[ètre dékôtrakté dy ɡlâ] (expr. arg. COOL.)
Si vous tancez le langage suranné d’un tant soit peu de vulgarité, il vous rétorquera que ça lui en touche une sans faire bouger l’autre. Et il aura bien raison : comme dirait Maurice, Messieurs les censeurs, bonsoir¹ !
Ceci posé, nous allons tenter sans censure ni outrance, d’aborder une définition sensible en tous points. Être décontracté du gland est une attitude oscillant entre l’apathie béate post coïtum et le lymphatisme généré par la chaleur épaisse des langueurs océanes², bref une affection de l’âme accessible par la consommation de produits illicites ou par la production d’hormones adolescentes pubères.
Dans les deux cas le résultat est un niveau de je-m’en-foutisme équivalent à celui de quiconque se trouvant communément constitué, fait face à l’équation de Schrödinger (iћ∂ψ(r,t)/∂t=-ћ²∆ψ(r,t)/2m+V(r,t)ψ(r,t)). D’aucun, talentueux et mâtin (et peu mathématique), l’avait onomatopé en rhââ lovely… mais ceci est une autre histoire.
Être décontracté du gland suppose un environnement propice à ladite légèreté et seules les années surannées ont su regrouper les conditions nécessaires à son épanouissement, allant même jusqu’à les rendre abordables par le plus grand nombre grâce à des manifestations publiques : Woodstock Music and Art Fair, festival de l’île de Wight, Summer of love, etc.
Être décontracté du gland jaillit au grand jour en 1974 grâce à Bertrand Blier et au talent d’écorché de Patrick Dewaere, à la gouaille de Gérard Depardieu et à l’innocence de Miou-Miou³. Jean-Claude conduisant une DS (la voiture du président de la République pour situer le niveau de transgression) s’adresse à son poto Pierrot :
– On n’est pas bien là ?
– Si.
– Paisibles… À la fraîche… Décontractés du gland. Et on bandera quand on aura envie de bander.

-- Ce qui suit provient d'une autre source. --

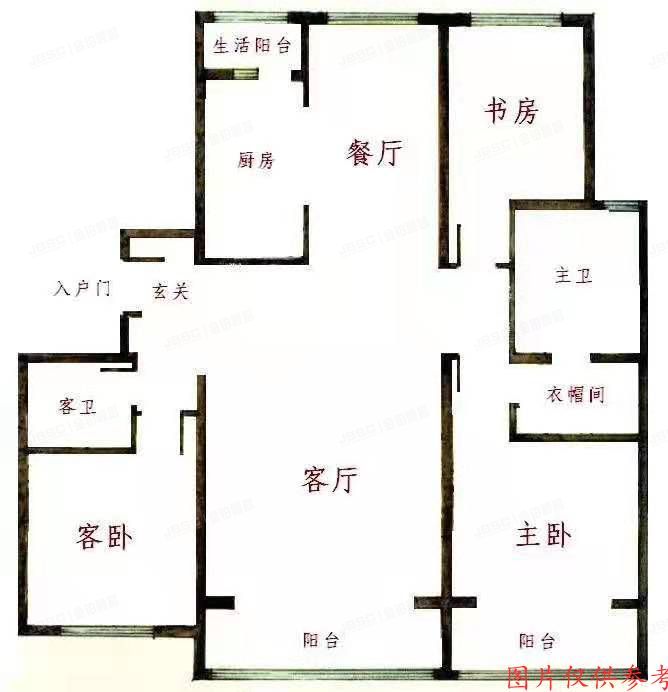 朝阳区 辛庄一街26号院2号楼10层1单元1101室.7幢-1层1240号(车位)(泛海国际澜海园)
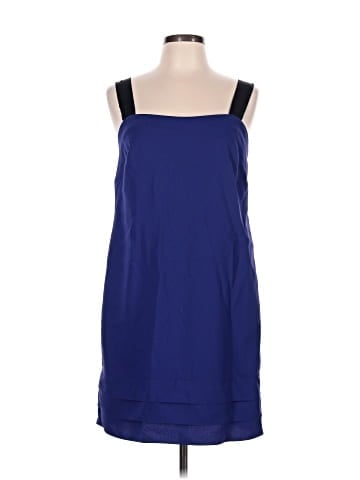 Banana Republic Casual Dress (view 1)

Le langage ne le sait pas encore mais il vient de toucher au sacré en matière de composition surannée. Être décontracté du gland ne trouvera jamais de synonyme digne de son niveau, et sa disparition en désuétude est accélérée par le furieusement tendance politiquement correct qui émerge en même temps que les mocassins à glands portés par des types du même fruit.
Le 16 juillet 1982, Pierrot, alias Patrick Deweare, emporte avec lui l’art d’être décontracté du gland.
Hors Jamaïque et Laos, il est désormais totalement impossible de faire usage d’être décontracté du gland. Sa simple évocation vaut anathème dans une époque qui se doit d’être stressée parce que tout doit chaque jour aller plus vite que la veille.
Dans la plupart des cas, le djeuns’ se dira au calme (abrégé en OKLM), laissant apparaître une forme de décontraction nettement moins portée sur les considérations génésiques que ses aînés du suranné.
C’est certainement très bien. Mais qu’est ce que Patrick Dewaere me manque.